Event, lifestyle and apparel company Aliign Activation Wear, LLC (“AAW”) took athleisure giant lululemon “to the yoga mat” at the Ninth Circuit, alleging that lululemon’s use of the mark “Align” for its yoga pants infringed AAW’s “Aliign” trademark for athletic apparel. Lululemon prevailed. The Ninth Circuit affirmed, among others, the lower court’s summary judgement finding of no “reverse confusion.”
To establish trademark infringement based on reverse confusion, AAW (the senior first user of the mark) had to show that lululemon (the junior second user) extensively advertised and promoted goods under lululemon’s “Align” mark, such that consumers dealing with AAW believe they are instead doing business with lululemon.
The “most significant factor” supporting the Ninth Circuit’s finding of no reverse confusion concerned the way in which the products were “marketed to and encountered by consumers.” Lululemon and AAW sold their respective products primarily on their own internet and/or brick and mortar stores, and third-party distribution of either party’s products was limited. Little to no overlap existed in the “marketing or distribution channels” between the two product lines.

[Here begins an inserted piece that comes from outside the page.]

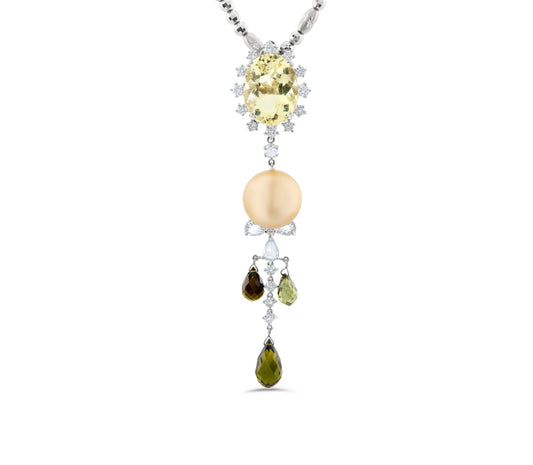 14K White Gold All Natural Multi-Stone Drop Pendant 16.50 Ct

Lululemon’s Align yoga products also carried the lululemon mark or company name and given the high price point of Lululemon and AAW goods, consumers were expected to exercise great care in making a purchase from either company, such that consumers would not be confused.
Since the Ninth Circuit decision did not “align” with AAW’s interests, it remains to be seen whether AAW will strike another yoga pose – a tree pose? – and request a rehearing or further appeal this decision.